• **Directions for this task**:
Exact reproduction of the data is required, with images excluded.

• **Raw data**:
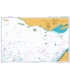 British Admiralty Nautical Chart 2887 Dubai (Dubayy) and Jazireh-ye Qeshm to Jazirat Halul
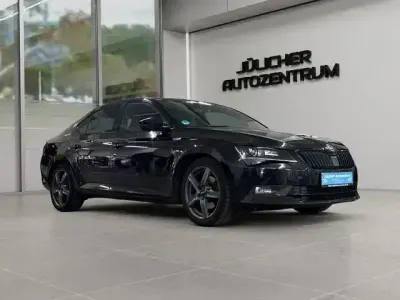 Gebraucht Skoda Superb SportLine 190 PS (139 kW) 2018 Schwarz Limousine
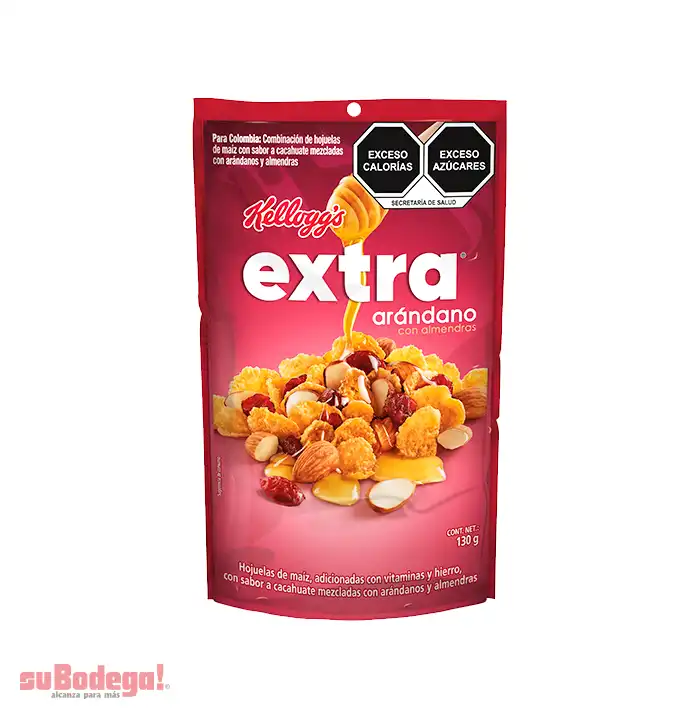 Cereal Kelloggs Extra Arándano 130 gr.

• **Result of the task**:
 British Admiralty Nautical Chart 2887 Dubai (Dubayy) and Jazireh-ye Qeshm to Jazirat Halul
 Gebraucht Skoda Superb SportLine 190 PS (139 kW) 2018 Schwarz Limousine
 Cereal Kelloggs Extra Arándano 130 gr.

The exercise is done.